Galapagos Art Space

Born in Brooklyn. Raised in Detroit.

A New Model For Funding The Arts:

This project seeks to reposition and stabilize the cultural business model by linking its success to the increased real estate values that the presence of artists and cultural organizations catalyzes over and over again.

Put another way: The arts are already in the real estate business - they just aren’t being rewarded for it.

The business model used by the arts – a near total reliance on philanthropy and government to fund infrastructure and operations – is unsustainable and leads time and again to chronic under-performance and instability in the sector.

Yet there really shouldn't be a shortage of equity to support the arts; more often than not they're responsible for the tremendous growth in the real estate values and the resulting civic tax bases that surround them.

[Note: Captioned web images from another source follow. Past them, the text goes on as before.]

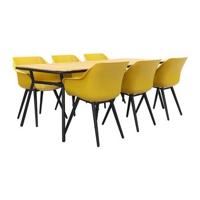 Hartman Sophie Studio Curry Yellow|Bella 220x95 cm. - 7-delige tuinset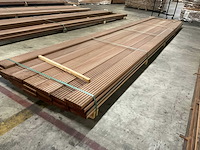 Bangkirai vlonderplanken 28x145 mm (23x) - afbeelding 3 van  5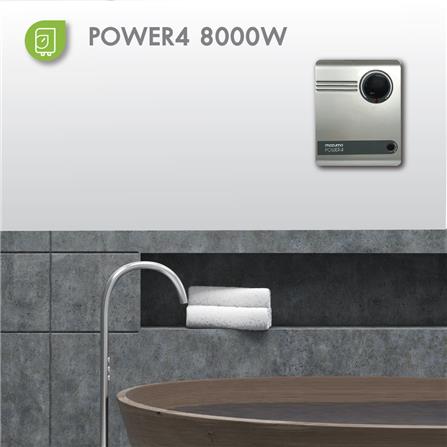 เครื่องทำน้ำร้อน MAZUMA POWER4 8000 วัตต์ สีขาว_5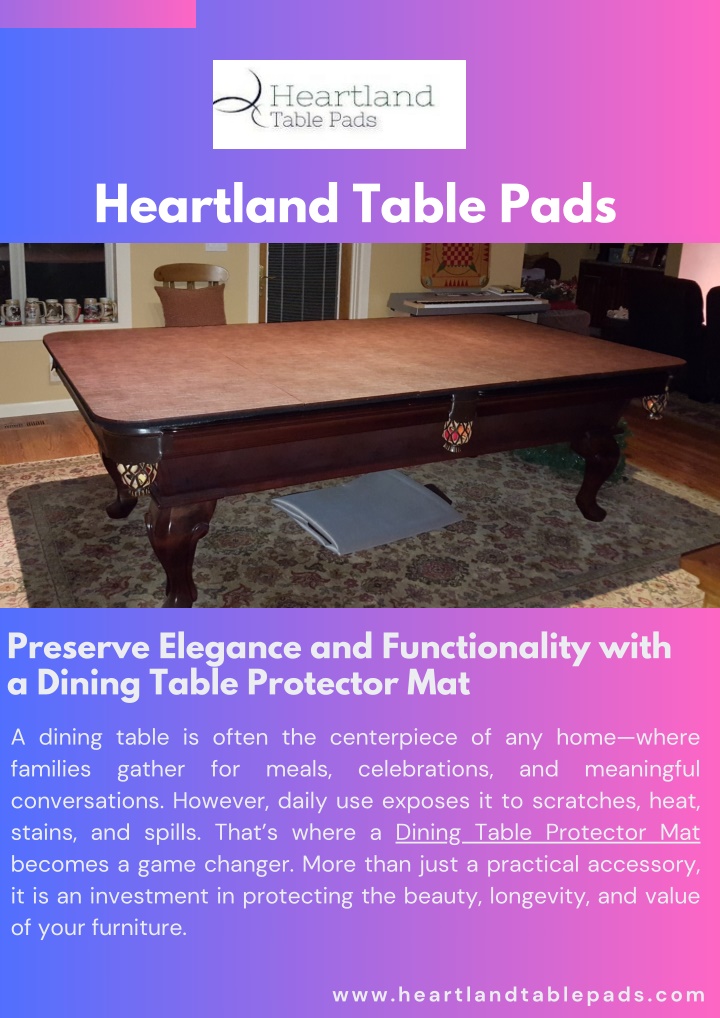 PPT - Preserve Elegance and Functionality with a Dining Table Protector Mat PowerPoint Presentation - ID:14184911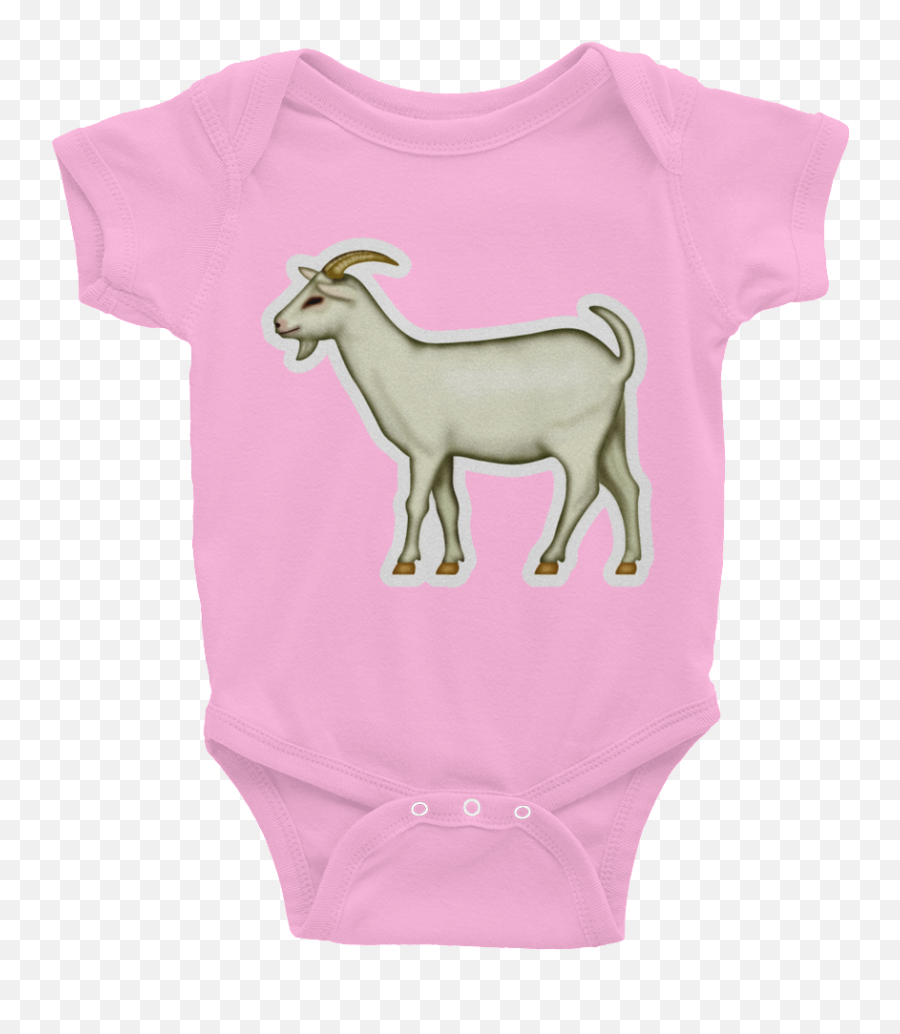 Download Goat Emoji Png - Infant Bodysuit,Goat Emoji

In Detroit, we want to prove a new model for funding the arts. By making founding partners out of the cultural organizations creating change and the local governments working to grow their creative-based economies - and the essential foundation community - we believe we can do that.

When we first began looking at Detroit and Highland Park two and a half years ago, the challenge for us was to find a meaningful density of real estate that can be protected over time, ensuring that the artists benefit from the value they create by their presence and activity, and that they aren’t simply priced out of the real estate because of their own efforts.  


We operate - and we always have - on 100% earned income. We make every dollar we spend. Galapagos does not accept government grants or public funding of any kind to operate our venue. Instead, we believe that if the work we present is strong, communicative, and effective, that audiences will support us.

Since opening in Williamsburg, Brooklyn, in 1995 - and despite a few bumps along the way - we’ve proved that a cultural venue operating an independent, evolved business model geared toward supporting the performing arts can flourish. 

Government and Foundation support:

The vital role government and foundation support plays in creating venues of opportunity in the arts is clear. The reasons why they do it are also clear; we build cities and communities by working together and governments and foundations are uniquely tasked with doing this work. 

Galapagos believes that once an audience-based venue is up and running that it has a responsibility to operate a stable, effective business model strong enough to operate independently. Not only is this good for the venue, it lets the foundation and government communities move forward and refocus their energy and limited means on other worthy projects.  

As leaders in the cultural community we can’t be placeholders, bystanders in the midst of what others before us have built. We have to lead.

Moving the arts and culture away from the tin-cup mentality that has defined them for so long is an important focus for us as we begin our work in Detroit and Highland Park.

Artists deserve independence and stability. We want to help build that.